=== Begin Enclosure ===

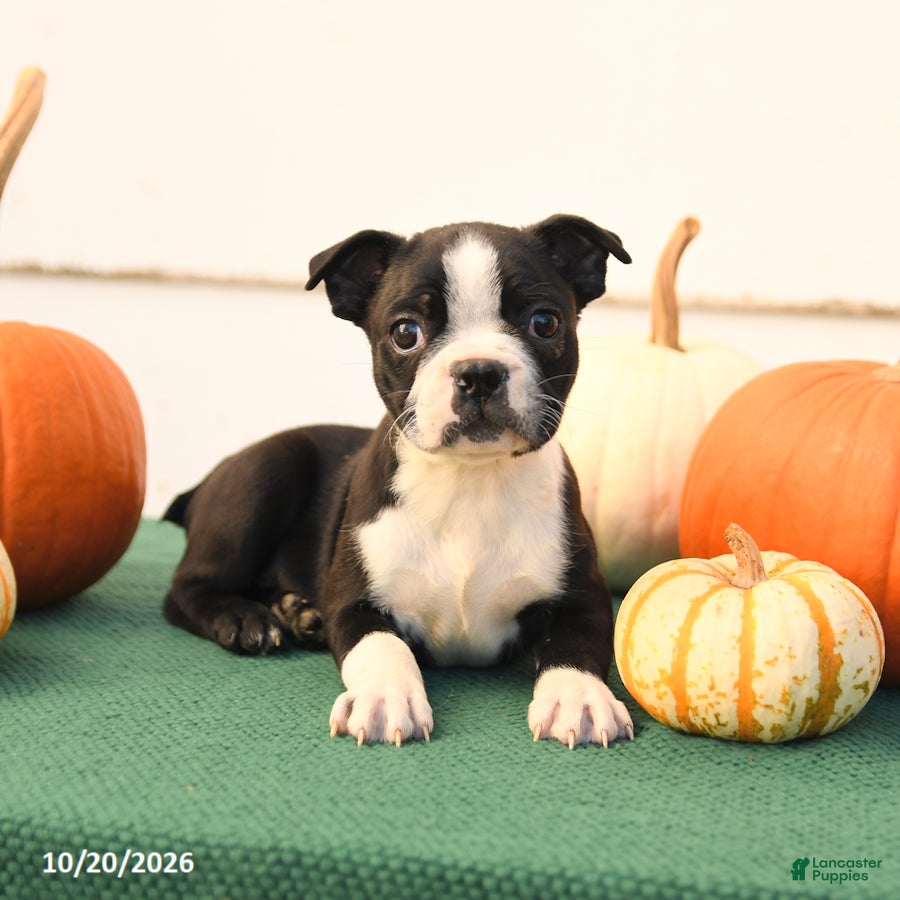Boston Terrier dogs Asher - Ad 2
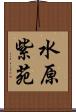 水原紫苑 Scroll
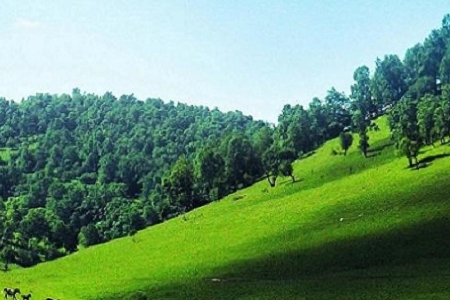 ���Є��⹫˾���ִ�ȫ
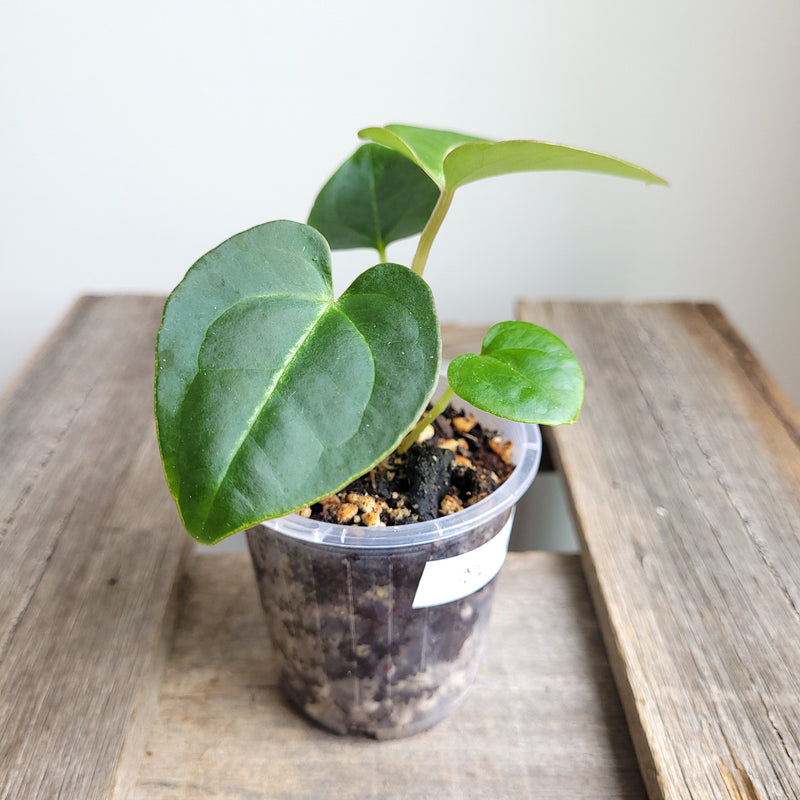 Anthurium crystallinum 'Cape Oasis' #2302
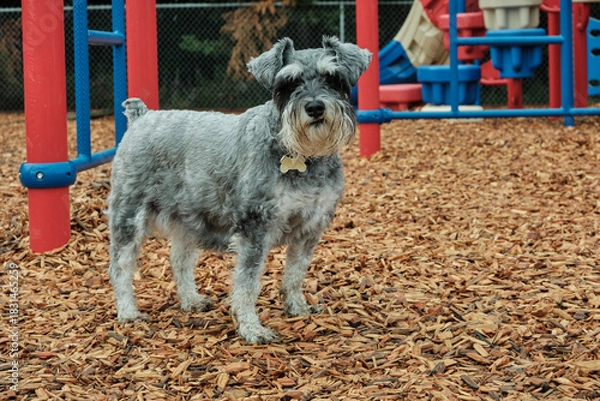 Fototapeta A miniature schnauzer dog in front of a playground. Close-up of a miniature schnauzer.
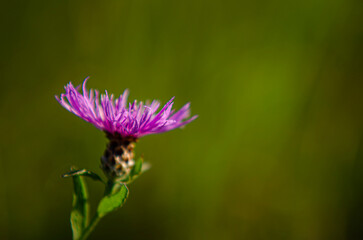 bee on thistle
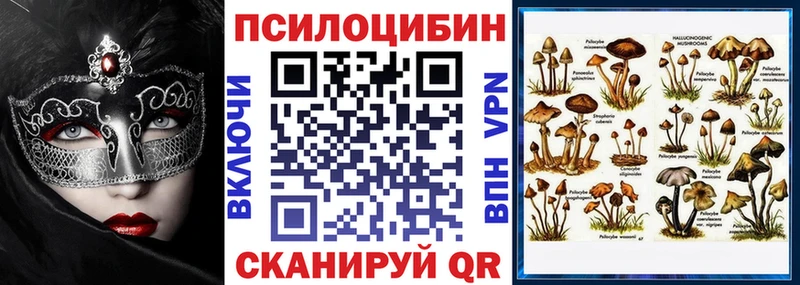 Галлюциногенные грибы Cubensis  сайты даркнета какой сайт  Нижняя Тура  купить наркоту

=== End Enclosure ===
=== Begin Enclosure ===

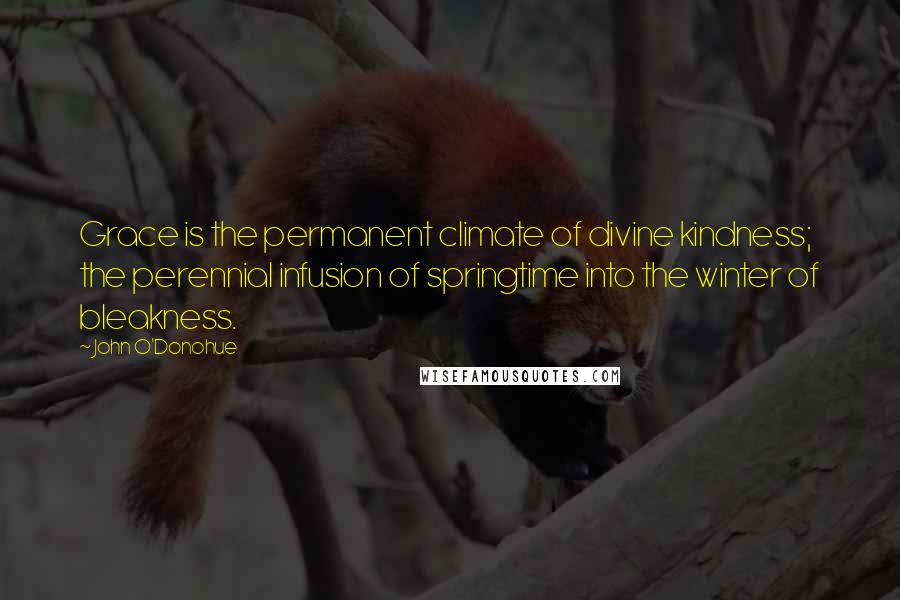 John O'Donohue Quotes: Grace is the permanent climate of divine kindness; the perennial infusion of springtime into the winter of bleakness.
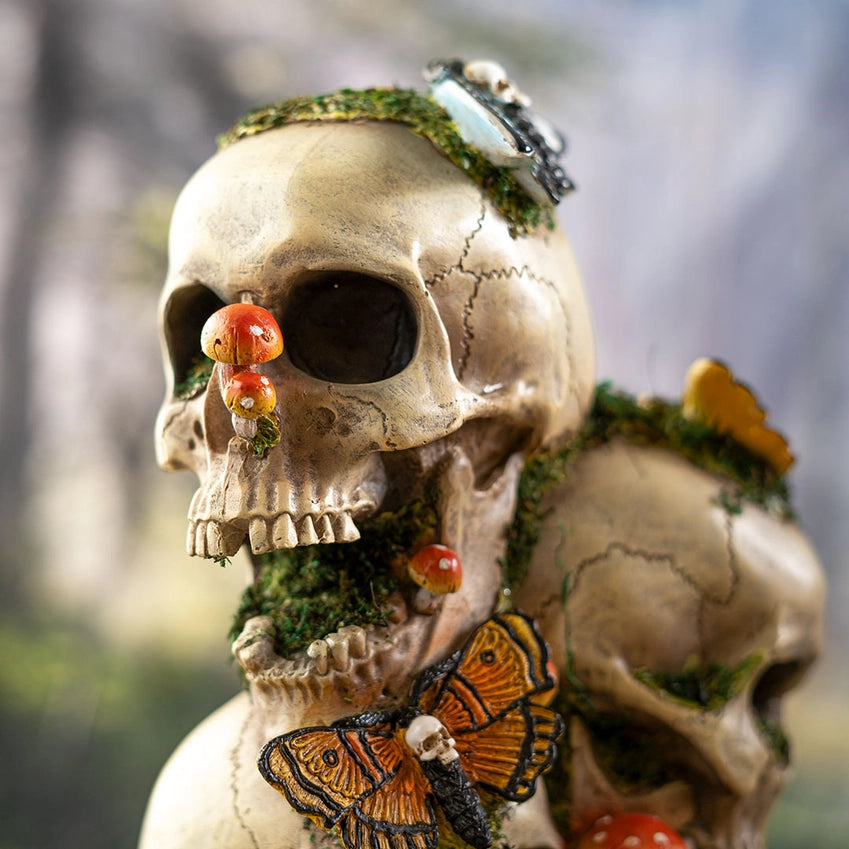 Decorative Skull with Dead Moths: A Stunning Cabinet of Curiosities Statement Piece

=== End Enclosure ===
=== Begin Enclosure ===

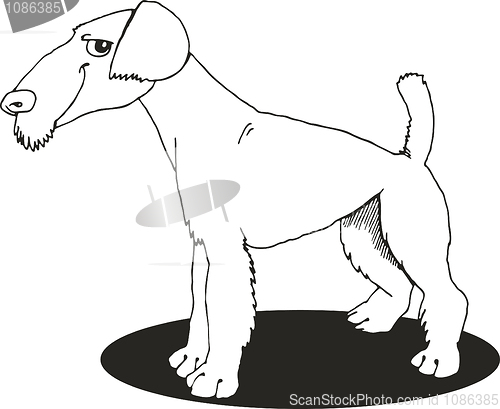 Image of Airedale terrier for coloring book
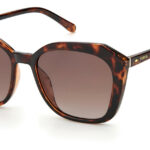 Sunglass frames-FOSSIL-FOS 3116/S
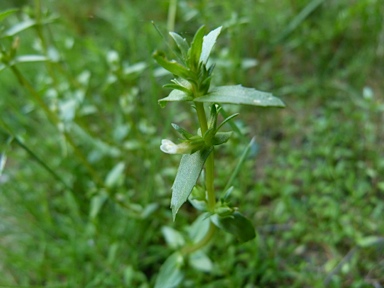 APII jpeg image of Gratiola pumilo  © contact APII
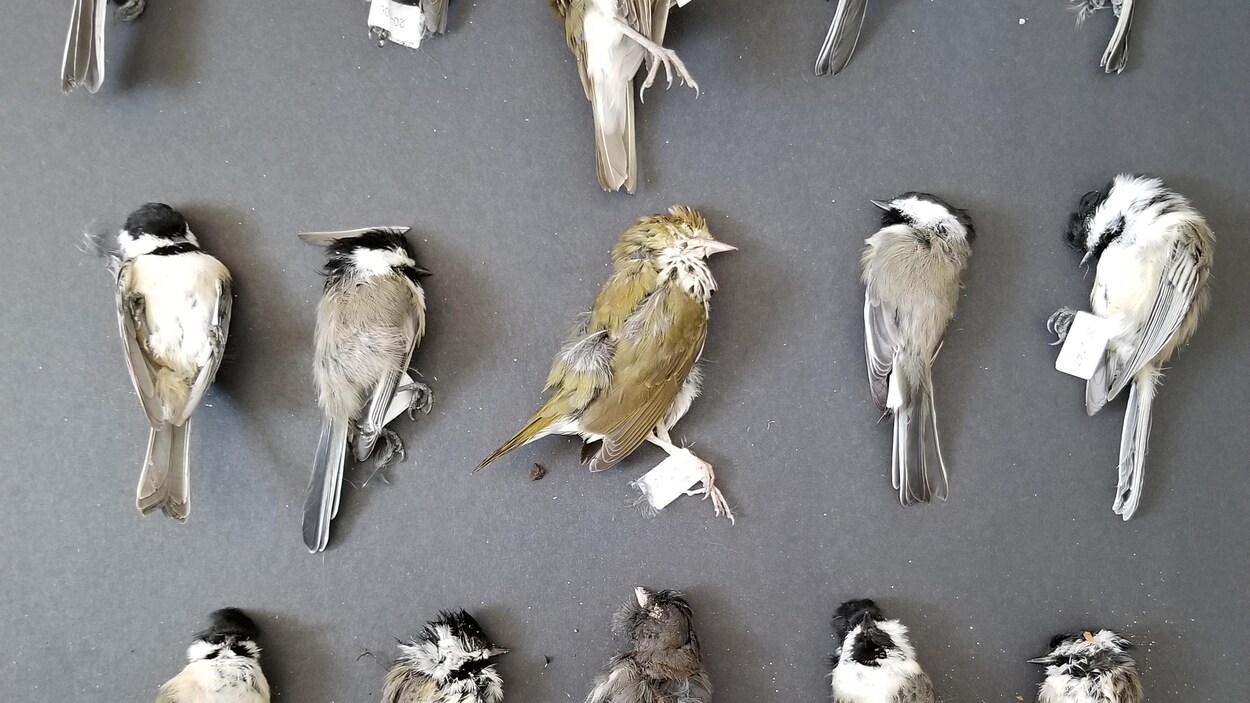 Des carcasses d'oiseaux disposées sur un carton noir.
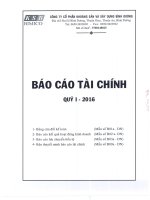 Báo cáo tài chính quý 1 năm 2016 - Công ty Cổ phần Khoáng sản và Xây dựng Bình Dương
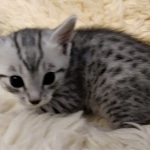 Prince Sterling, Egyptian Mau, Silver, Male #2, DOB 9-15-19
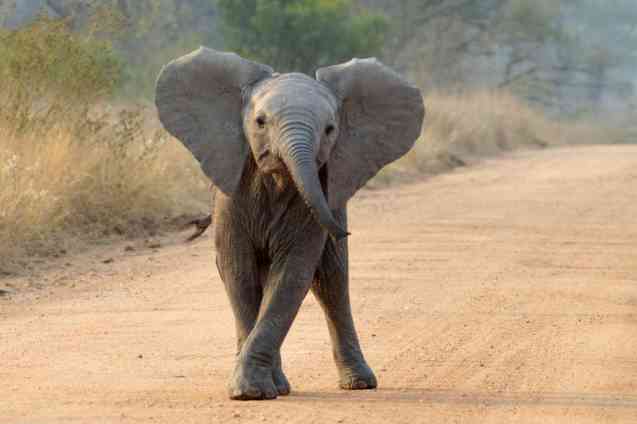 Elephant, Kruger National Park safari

=== End Enclosure ===

Required work
When copying from the data above, print only the lines from the line containing "Sunglass frames-FOSSIL-FOS 3116/S" to the line containing "Elephant, Kruger National Park safari", exactly, and leave the pictures out.

Result for this exercise
 Sunglass frames-FOSSIL-FOS 3116/S
 APII jpeg image of Gratiola pumilo  © contact APII
 Des carcasses d'oiseaux disposées sur un carton noir.
 Báo cáo tài chính quý 1 năm 2016 - Công ty Cổ phần Khoáng sản và Xây dựng Bình Dương
 Prince Sterling, Egyptian Mau, Silver, Male #2, DOB 9-15-19
 Elephant, Kruger National Park safari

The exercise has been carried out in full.